If an individual enters the general population and somehow still manages to bring contraband into the jail, Marks said there are cameras within the jail and deputies trained to detect suspicious behavior.
If someone is suspected of bringing in drugs or other contraband, then a thorough inspection of cellblocks are done. Random drug tests can also be administered within the facility.
Marks said during those searches, K-9 Officer Avery and his handler Sgt. Tina Nast are brought in to specifically search the area.
Even when K-9 Avery isn’t being used for a specific search in the jail, he stays within the jail with Nast.

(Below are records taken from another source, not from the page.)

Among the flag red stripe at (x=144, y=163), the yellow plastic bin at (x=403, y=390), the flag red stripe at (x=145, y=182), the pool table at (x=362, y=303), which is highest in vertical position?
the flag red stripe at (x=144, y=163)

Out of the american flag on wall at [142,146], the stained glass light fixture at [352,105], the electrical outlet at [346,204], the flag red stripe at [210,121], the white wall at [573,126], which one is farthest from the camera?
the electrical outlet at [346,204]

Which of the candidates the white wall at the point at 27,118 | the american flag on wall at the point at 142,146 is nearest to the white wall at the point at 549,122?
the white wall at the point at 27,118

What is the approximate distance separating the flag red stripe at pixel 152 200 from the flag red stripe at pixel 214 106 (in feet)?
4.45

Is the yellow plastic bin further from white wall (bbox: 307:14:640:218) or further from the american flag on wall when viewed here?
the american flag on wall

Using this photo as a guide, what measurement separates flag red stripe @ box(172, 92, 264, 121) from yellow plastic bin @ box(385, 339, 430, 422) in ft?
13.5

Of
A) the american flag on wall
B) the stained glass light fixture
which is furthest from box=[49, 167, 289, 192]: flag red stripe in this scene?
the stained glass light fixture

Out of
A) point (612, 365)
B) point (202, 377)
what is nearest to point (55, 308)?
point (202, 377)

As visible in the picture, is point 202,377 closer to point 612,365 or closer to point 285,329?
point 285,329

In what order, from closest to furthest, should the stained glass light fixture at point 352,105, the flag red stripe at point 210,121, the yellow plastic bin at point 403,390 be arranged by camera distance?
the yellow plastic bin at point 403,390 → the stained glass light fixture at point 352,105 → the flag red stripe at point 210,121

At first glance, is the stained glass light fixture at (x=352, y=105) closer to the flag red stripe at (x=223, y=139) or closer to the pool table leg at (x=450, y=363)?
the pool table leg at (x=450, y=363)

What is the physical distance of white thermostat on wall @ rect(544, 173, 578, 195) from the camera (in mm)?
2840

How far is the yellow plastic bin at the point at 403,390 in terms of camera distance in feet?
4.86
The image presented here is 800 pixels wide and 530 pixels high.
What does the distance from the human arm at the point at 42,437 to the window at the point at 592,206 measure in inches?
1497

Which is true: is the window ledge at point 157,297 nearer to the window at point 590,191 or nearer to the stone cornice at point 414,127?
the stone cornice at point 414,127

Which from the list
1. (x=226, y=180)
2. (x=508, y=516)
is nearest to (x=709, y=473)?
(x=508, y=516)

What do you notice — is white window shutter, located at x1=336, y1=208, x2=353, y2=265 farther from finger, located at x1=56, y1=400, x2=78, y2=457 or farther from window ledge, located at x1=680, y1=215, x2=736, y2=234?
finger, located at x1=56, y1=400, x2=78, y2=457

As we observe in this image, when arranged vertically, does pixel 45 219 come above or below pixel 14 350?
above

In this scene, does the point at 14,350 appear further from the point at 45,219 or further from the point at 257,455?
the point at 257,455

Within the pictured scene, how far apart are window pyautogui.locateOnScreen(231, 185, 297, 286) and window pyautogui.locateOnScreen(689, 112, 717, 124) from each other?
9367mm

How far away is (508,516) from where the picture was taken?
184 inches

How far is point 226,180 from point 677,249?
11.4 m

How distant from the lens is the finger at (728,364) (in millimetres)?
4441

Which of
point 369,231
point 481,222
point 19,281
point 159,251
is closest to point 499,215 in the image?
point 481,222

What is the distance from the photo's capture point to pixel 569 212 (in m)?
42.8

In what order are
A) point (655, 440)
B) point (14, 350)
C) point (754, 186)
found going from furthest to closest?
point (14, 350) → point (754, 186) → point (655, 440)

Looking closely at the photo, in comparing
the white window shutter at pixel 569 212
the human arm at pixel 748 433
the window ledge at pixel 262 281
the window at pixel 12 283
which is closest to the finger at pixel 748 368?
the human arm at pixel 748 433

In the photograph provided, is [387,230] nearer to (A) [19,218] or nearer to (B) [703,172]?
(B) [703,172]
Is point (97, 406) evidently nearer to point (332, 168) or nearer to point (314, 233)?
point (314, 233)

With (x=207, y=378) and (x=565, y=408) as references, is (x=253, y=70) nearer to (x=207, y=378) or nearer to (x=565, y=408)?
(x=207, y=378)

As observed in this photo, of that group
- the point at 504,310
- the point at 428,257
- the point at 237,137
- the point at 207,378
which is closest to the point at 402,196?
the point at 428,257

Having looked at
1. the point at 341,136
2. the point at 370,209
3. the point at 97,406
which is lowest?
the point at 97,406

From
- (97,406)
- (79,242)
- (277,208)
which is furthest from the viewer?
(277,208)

If Avery ever smells anything within the jail and alerts to a substance, then correctional deputies begin the process of trying to narrow down the location to where the scent is coming from, Marks said.
“It’s a combination of all those things that makes it work,” he said.
Finding drugs within the jail is taken seriously in Menominee County, according to Marks. He said inmates found bringing in contraband are charged to make an example that it will not be tolerated.
He added the amount of drug contraband has been greatly reduced in Menominee County Jail since K-9 Officer Avery and Nast.
According to Schoolcraft County Sheriff Paul Furman, the Schoolcraft County jail, which was built in 1957, does not have an issue with drugs coming in off the streets and entering the jail system.
He explained when new people come into the jail system, the correctional officers follow normal procedures for booking — meaning strip searches and going through the person’s belongings.
“The normal process seems to work fairly well,” he said.
In the years he has been with the sheriff’s department, Furman said he can only recall one instance several years ago where a man brought in drugs through a body cavity.
When it comes to drugs coming in through either visitors or mail, Furman said it would be impossible.
He noted Schoolcraft County Jail has no contact visits, where people have glass in-between them and communicate through phones.
All mail coming in and out of the jail are postcards and no envelops are ever used, Furman said.
“We’re pretty thorough in what we do — there’s been no problems,” he said.